Durante la estancia de un año en el internado, nunca ocurrió nada anormal: respeto y una encomiable lejanía de la malicia. Reconozco aquella enseñanza.
El nuevo Obispo hizo cambios en el sistema y el San Ramón se convirtió en Seminario-Colegio. Diversificó su enfoque formativo. Por iniciativa paternal convenía más el Beato Salomón, cuyo Director era el Hermano Gil e ir a la iniciación universal y coronar la educación laica en el Instituto Nacional de Occidente.

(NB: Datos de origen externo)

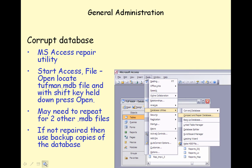For a corrupt database, Microsoft Access has a utility that can sometimes be used to repair a corrupt MDB file. Start Access and select File Open. Locate the tuffman.mdb file and with the Shift key held down, press Open.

Cito lo anterior para establecer con la vivencia, la diferencia del sano comportamiento de aquellos padres del San Ramón, digno de reconocerse, en relación con el que ahora trasciende y es denunciado al mundo, lo cual crea una catástrofe que debería estremecer a la sotana. Justamente señalada una excepción, empero deben hacerse los señalamientos y las condenas específicas contra quien ha cometido el crimen contra los niños sordos, el padre Murphy, agresor de menores minusválidos en lo que ha sido llamado “el infierno de los abusos sexuales”.
Arthur Budzinski, de 13 años, lloraba escondido haciendo techo de su cama cada vez que el monstruo se le aparecía para “masturbarlo”. Éste es un caso y cómo hay que apelar al botón para evidenciar el siniestro, para entender la seguridad de otras nefastas similitudes, cabe recordar la queja ensangrentada de la víctima.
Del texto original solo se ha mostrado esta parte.